7. Are your designs W3C standards compliant?
If the designer looks at you with a blank stare, head for the door and don’t look back. You want your site to be built to the open standards advocated by the World Wide Web Consortium, aka W3C. This organization has establish a set of uniform standards for site development designed to keep the site viable for longer, to make it SE-friendly and to save money when you move your site from one host to another (when you learn a little more about it). Open standards will ensure that your site will work anywhere and will be recognized by the major search engines. Anything less and you don’t know what you’ll run into six months or six years down the road. And if the designer isn’t aware of W3C compliance standards, thank him for his time and hit the bricks. You’re still looking.
8. Do you undertake usability testing as part of the project development cost?
Usability testing puts the site through its paces before its launch. Testers from various backgrounds and levels of experience navigate the site, clicking on buttons and links, looking for text typos and graphix that bleed over text. Usability testing (see related article under June releases) also develops useful input on questions of user-friendliness and questions of taste. Do the colors work? Is the landing page too busy — to much going on? Does the home page weight take 30 seconds to download, what with all of those Flash animations? If so, only 5% of visitors to your site will stick around waiting for the dreaded blue line to inch its way across. All of these problems will be revealed in usability tests and you want them fixed before the site is seen by the public.
9. What if I want to make changes once the site is up?
If you approved the site’s design after usability testing and the design agency successfully launched your site, they’ve fulfilled their end of the bargain. You got what you paid for and you approved it all every step of the way. Now that you’ve been open for business a while, you’d like to ‘change a few things’. Revisions to site’s design are expected and are built into the price of the project. However, once you’ve approved every element and the site’s working flawlessly, the design team has done their job. Expect to pay for refinements, upgrades and redo’s.

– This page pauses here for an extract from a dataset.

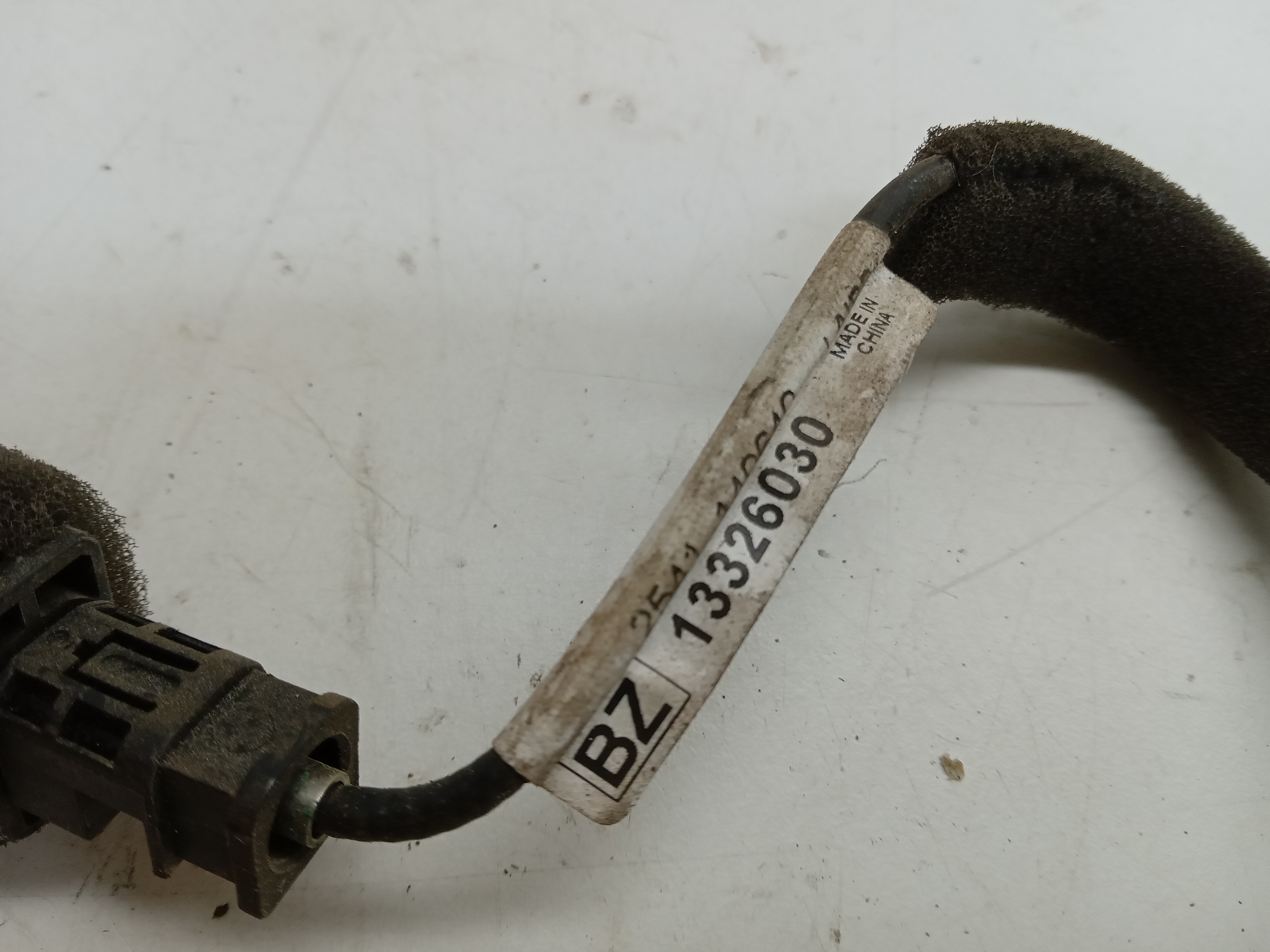 BASE ANTENA CHEVROLET CRUZE 2012 3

But if you stick with the original designer, these improvements will take less time, meaning a lower cost to you.
10. How much?
Believe it or not, this is probably the first question you’ll ask, but it’s also the least important question for the serious entrepreneur eager to create a niche on the Net. Quality costs money. Maybe your nephew can get a site up for you, but will it have the look and feel of quality or will the typos diminish the credibility of the site? Low end, small, non-secure sites can be built for $2-3K. Larger sites, with lots of pix and graphics, a shopping cart, secure checkout, links page, free downloads and other features can cost as much as $15,000. And depending on your level of commitment and your confidence in your business model, that $15,000 may be the best money you ever spent. The point is, don’t let development costs be the deciding factor. As with all things in life and in cyberspace, you get what you pay for.
Finally, a word of advice: there are lots of e-tailers selling e-book downloads that’ll give you “everything you need to know about developing a successful web site”, selling from $19.95 to $199. Don’t throw your money away. Everything you need to know about site design, SEO, hosting, security and any other aspect of e-commerce, is available for free on sites like this one. Don’t fall for the ‘site in a box’, do-it-yourself site-building software. The user’s manual is the size of the Manhattan phonebook and, frankly, you should be focusing on the big picture while your designer handles the technical side of things.
So, ask questions and if you don’t get clear answers, free of geek-speak and in terms you, the novice, can understand keep looking. Soon enough, by asking the right questions, you’ll find the right developer for you.